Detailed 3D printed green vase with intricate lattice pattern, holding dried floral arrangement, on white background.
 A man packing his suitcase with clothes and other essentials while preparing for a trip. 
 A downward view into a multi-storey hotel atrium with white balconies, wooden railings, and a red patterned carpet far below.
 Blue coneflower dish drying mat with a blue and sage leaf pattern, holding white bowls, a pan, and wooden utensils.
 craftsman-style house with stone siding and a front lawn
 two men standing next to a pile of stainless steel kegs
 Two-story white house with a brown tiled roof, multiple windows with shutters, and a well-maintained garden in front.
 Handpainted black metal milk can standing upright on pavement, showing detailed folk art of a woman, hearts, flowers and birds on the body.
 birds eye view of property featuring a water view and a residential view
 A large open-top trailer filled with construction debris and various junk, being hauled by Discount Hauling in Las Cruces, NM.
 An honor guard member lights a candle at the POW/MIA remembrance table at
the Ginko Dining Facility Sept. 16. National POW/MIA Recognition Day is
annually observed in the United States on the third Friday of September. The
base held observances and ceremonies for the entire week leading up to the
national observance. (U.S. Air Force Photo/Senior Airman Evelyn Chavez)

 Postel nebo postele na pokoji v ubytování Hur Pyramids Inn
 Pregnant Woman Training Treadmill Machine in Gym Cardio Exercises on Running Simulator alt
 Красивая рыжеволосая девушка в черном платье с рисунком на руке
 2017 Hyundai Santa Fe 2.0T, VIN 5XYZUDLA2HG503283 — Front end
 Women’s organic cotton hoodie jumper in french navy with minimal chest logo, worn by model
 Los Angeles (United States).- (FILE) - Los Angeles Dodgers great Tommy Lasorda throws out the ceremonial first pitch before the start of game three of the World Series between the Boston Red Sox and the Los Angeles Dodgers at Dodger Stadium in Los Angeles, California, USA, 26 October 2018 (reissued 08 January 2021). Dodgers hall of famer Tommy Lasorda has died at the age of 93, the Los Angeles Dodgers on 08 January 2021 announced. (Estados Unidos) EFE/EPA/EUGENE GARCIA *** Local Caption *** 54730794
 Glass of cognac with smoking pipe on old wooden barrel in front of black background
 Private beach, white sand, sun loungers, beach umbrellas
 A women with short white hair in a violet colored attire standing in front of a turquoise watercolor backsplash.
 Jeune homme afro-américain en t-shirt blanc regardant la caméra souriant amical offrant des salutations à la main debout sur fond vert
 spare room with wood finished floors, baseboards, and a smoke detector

» What you will do:
The listing above is to be written out again word for word.

» Your response:
Detailed 3D printed green vase with intricate lattice pattern, holding dried floral arrangement, on white background.
 A man packing his suitcase with clothes and other essentials while preparing for a trip. 
 A downward view into a multi-storey hotel atrium with white balconies, wooden railings, and a red patterned carpet far below.
 Blue coneflower dish drying mat with a blue and sage leaf pattern, holding white bowls, a pan, and wooden utensils.
 craftsman-style house with stone siding and a front lawn
 two men standing next to a pile of stainless steel kegs
 Two-story white house with a brown tiled roof, multiple windows with shutters, and a well-maintained garden in front.
 Handpainted black metal milk can standing upright on pavement, showing detailed folk art of a woman, hearts, flowers and birds on the body.
 birds eye view of property featuring a water view and a residential view
 A large open-top trailer filled with construction debris and various junk, being hauled by Discount Hauling in Las Cruces, NM.
 An honor guard member lights a candle at the POW/MIA remembrance table at
the Ginko Dining Facility Sept. 16. National POW/MIA Recognition Day is
annually observed in the United States on the third Friday of September. The
base held observances and ceremonies for the entire week leading up to the
national observance. (U.S. Air Force Photo/Senior Airman Evelyn Chavez)

 Postel nebo postele na pokoji v ubytování Hur Pyramids Inn
 Pregnant Woman Training Treadmill Machine in Gym Cardio Exercises on Running Simulator alt
 Красивая рыжеволосая девушка в черном платье с рисунком на руке
 2017 Hyundai Santa Fe 2.0T, VIN 5XYZUDLA2HG503283 — Front end
 Women’s organic cotton hoodie jumper in french navy with minimal chest logo, worn by model
 Los Angeles (United States).- (FILE) - Los Angeles Dodgers great Tommy Lasorda throws out the ceremonial first pitch before the start of game three of the World Series between the Boston Red Sox and the Los Angeles Dodgers at Dodger Stadium in Los Angeles, California, USA, 26 October 2018 (reissued 08 January 2021). Dodgers hall of famer Tommy Lasorda has died at the age of 93, the Los Angeles Dodgers on 08 January 2021 announced. (Estados Unidos) EFE/EPA/EUGENE GARCIA *** Local Caption *** 54730794
 Glass of cognac with smoking pipe on old wooden barrel in front of black background
 Private beach, white sand, sun loungers, beach umbrellas
 A women with short white hair in a violet colored attire standing in front of a turquoise watercolor backsplash.
 Jeune homme afro-américain en t-shirt blanc regardant la caméra souriant amical offrant des salutations à la main debout sur fond vert
 spare room with wood finished floors, baseboards, and a smoke detector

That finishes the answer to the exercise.